Economie & emploi

Conséquences du covid : les entreprises du BTP entre le marteau et l’enclume

Les effets secondaires de la pandémie de coronavirus commencent à se faire sentir sur la plan économique, et pourrait provoquer, par effet domino, des situations inextricables. La fédération du BTP de la Moselle a ainsi communiqué sur les conséquences de la pandémie, et sur celles des enchaînements contractuels qui pourraient en découler.

Prix des matériaux et retards d’approvisionnement à la hausse, marges à la baisse

Le phénomène est mondial : la crise sanitaire du Covid-19 a désorganisé les chaines de production et les circuits logistiques internationaux au niveau des matériaux utilisés par les entreprises de BTP.

Premières conséquences de cette désorganisation, une flambée des prix des matériaux qui se fait sentir depuis plusieurs mois et qui s’ajoute à une hausse du nombre de retards d’approvisionnement de ces même matériaux.

Les chiffres donnés par la fédération du BTP sont conséquents : + 50 % de hausse des prix pour l’acier depuis début
2021, +28% pour le cuivre et + 22% pour le zinc sur un an. Ce sont pas les seuls matériaux à augmenter, puisque le bois, les produits plastiques, les isolants et les matériaux bitumineux connaissent eux-aussi des augmentations continues depuis le début de l’année.

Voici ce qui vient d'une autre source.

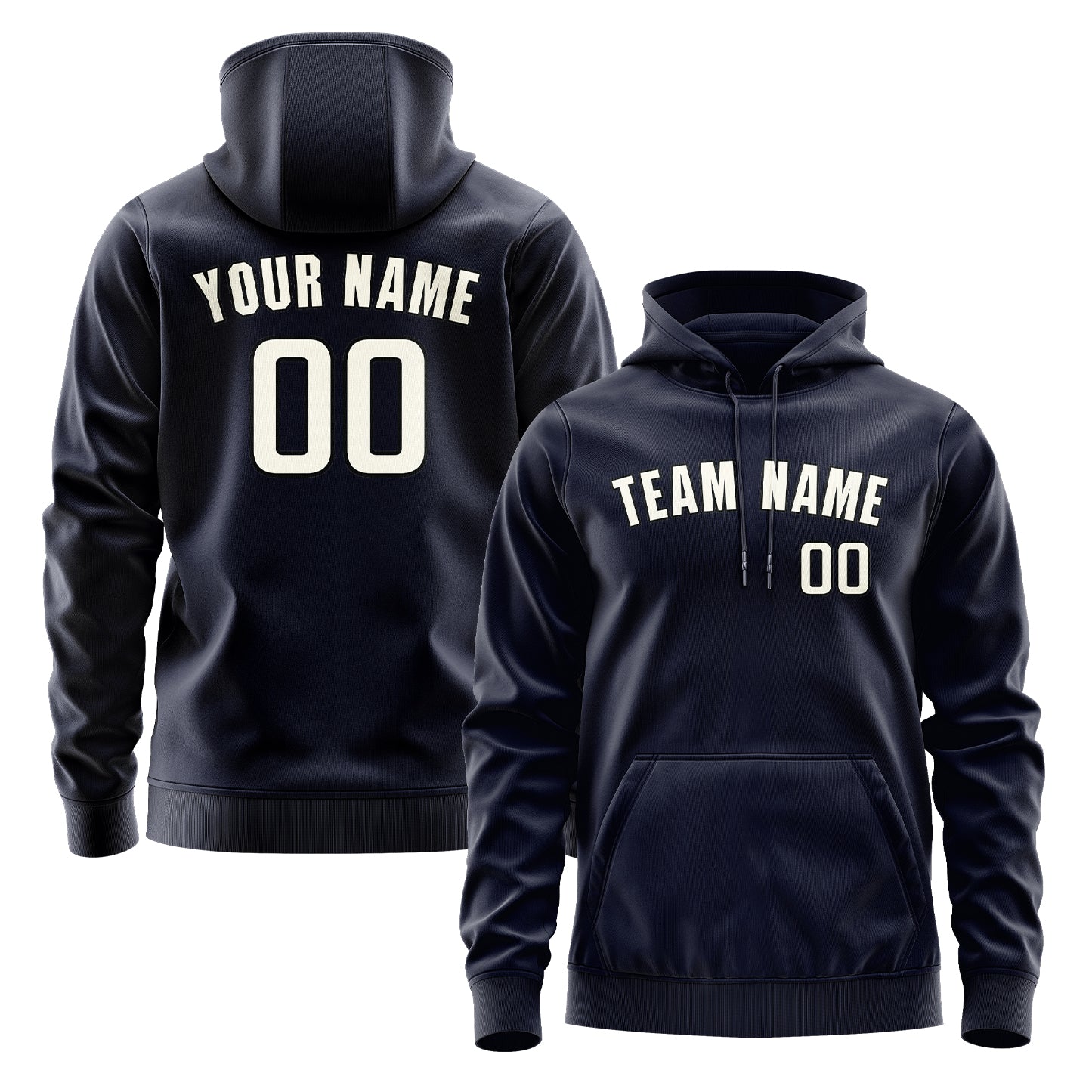 Custom Navy Cream Hoodie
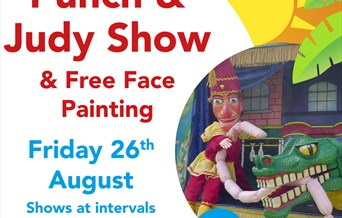 Poster showing punch and judy show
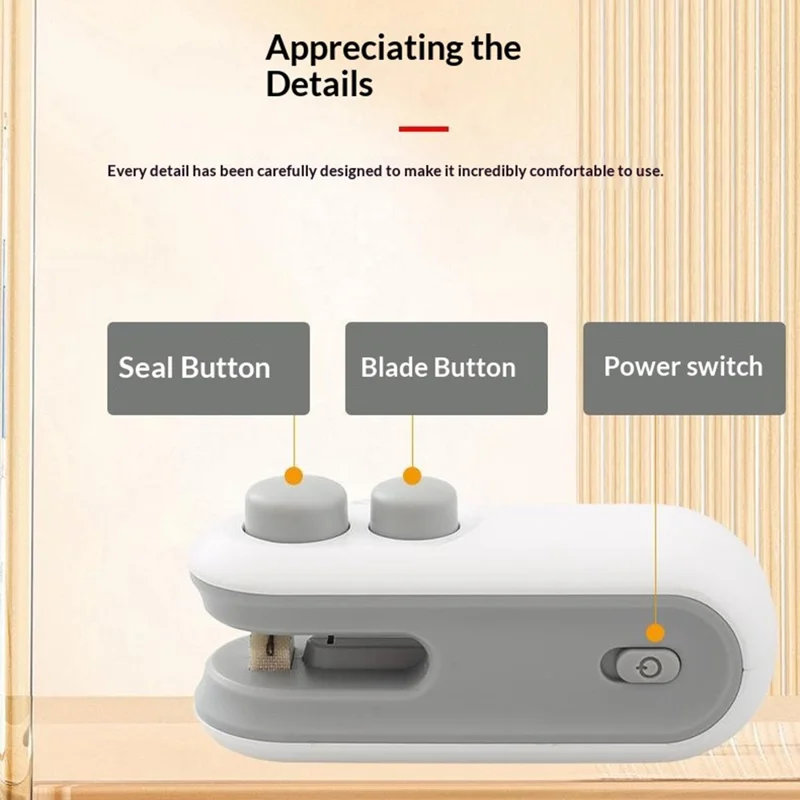 Mini Portable 2 in 1 Type-C Bag Sealing Machine 300mAh Magnetic Cutter Sealer - White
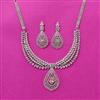 Cubic Zirconia Classic Necklace Set With Rhodium Plating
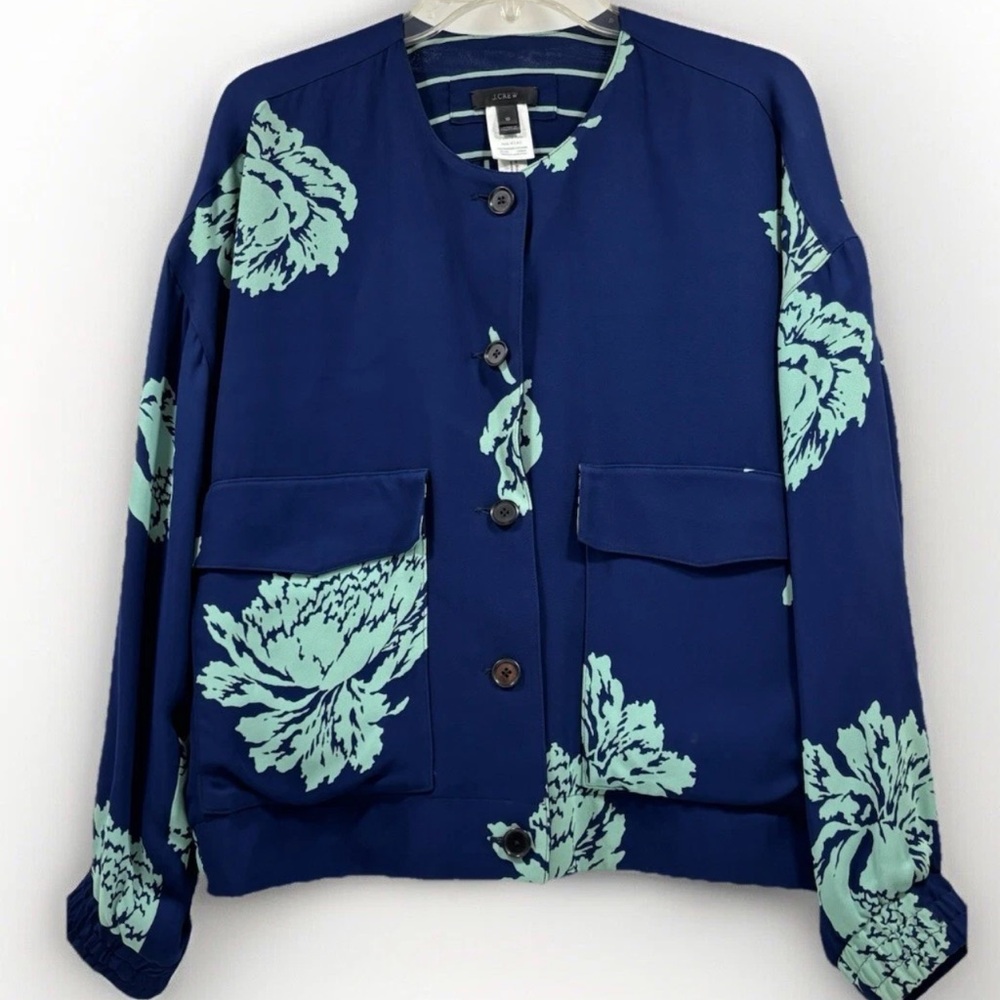 J. Crew‎ Jacket Womens Size 10 Blue Teal Flowers Absolutely Stunning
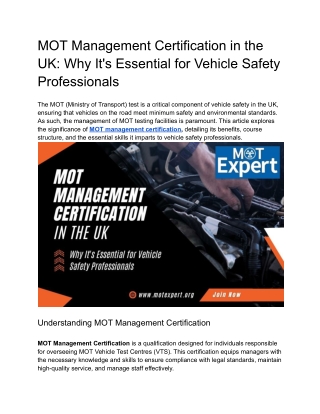 MOT Management Certification in the UK_ Why It's Essential for Vehicle Safety Professionals (1)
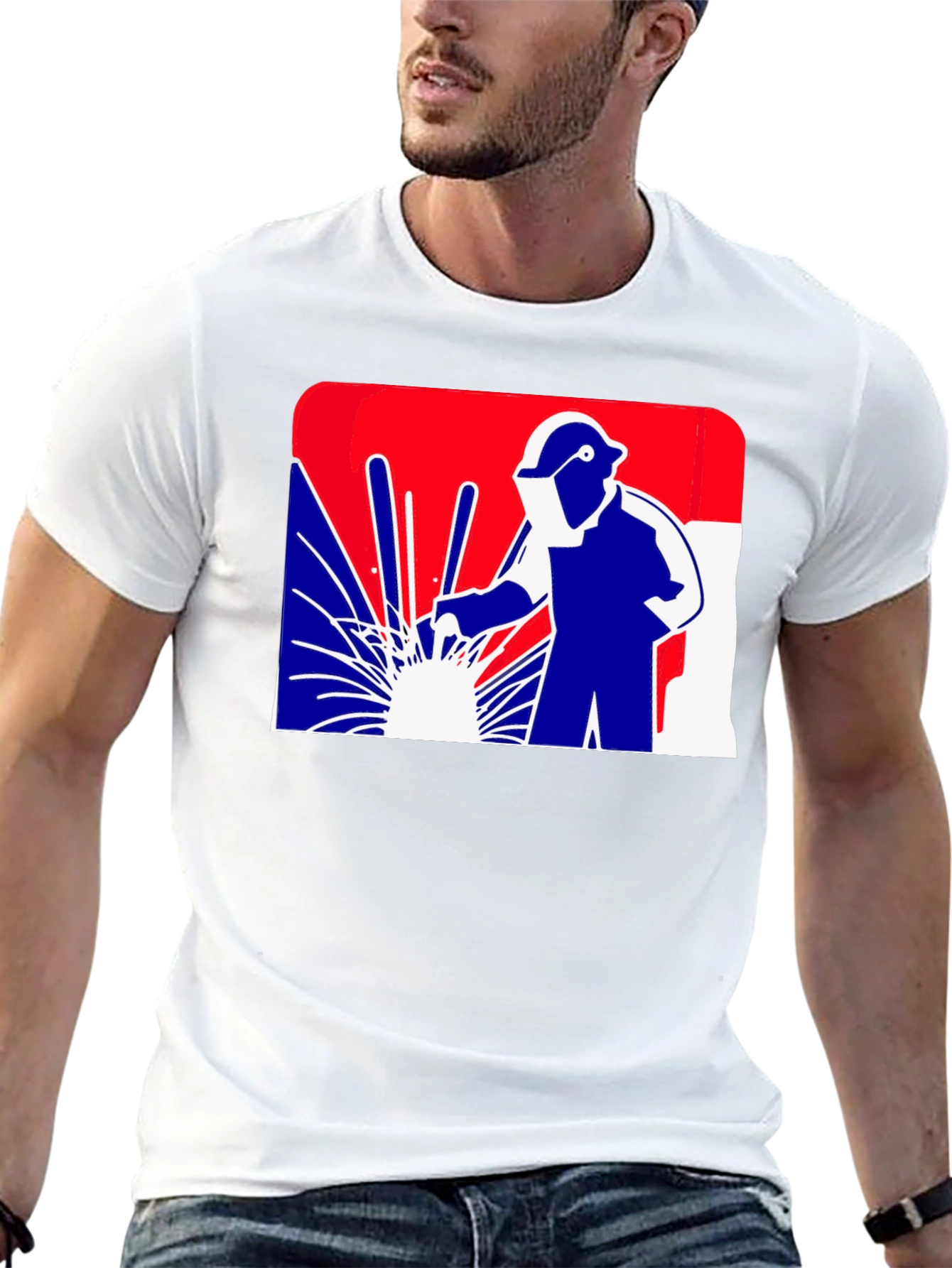 Welder Graphic T-Shirt - Patriotic Design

Ne pouvant pas systématiquement répercuter ces hausses sur leurs tarifs de facturation, les entreprises de BTP font face à un risque d’effondrement de leurs marges. En effet, de nombreux marchés ont été signés à prix ferme, et ce plusieurs mois avant le démarrage des travaux, et donc avant la commande des matériaux.

Effet boule de neige

Avec le renforcement de l’incertitude de recevoir les produits nécessaires à la réalisation des chantiers, des pénuries sont annoncées dans différents secteurs, obligeant les entreprises à décaler certains travaux.

Certaines entreprises de BTP pourraient ainsi se retrouver coincées entre le marteau et l’enclume, puisque contractuellement des pénalités de retard peuvent être appliquées par les maîtres d’ouvrage à ces entreprises qui ne finissent pas dans les délais, mais qui dans le même temps ne sont pas responsables de la situation.

Par voie de communiqué, le Président de la Fédération BTP Moselle Pierre SCHAEFFER sonne l’alarme. Évoquant une véritable bombe à retardement pour les entreprises et les emplois des entreprises du BTP, il appelle à un partage des surcoûts et à plus de compréhension de la part des donneurs d’ordre :

« Notre secteur est doublement victime. Les entreprises ne parviennent pas à répercuter les hausses des prix des matériaux et vont se voir réclamer des pénalités de retard. Nous sommes face à une bombe à retardement. Je suis soucieux pour la pérennité des entreprises de BTP. Elles restent fragiles suite au confinement du printemps 2020, pendant lequel les chantiers avaient été arrêtés 2 mois.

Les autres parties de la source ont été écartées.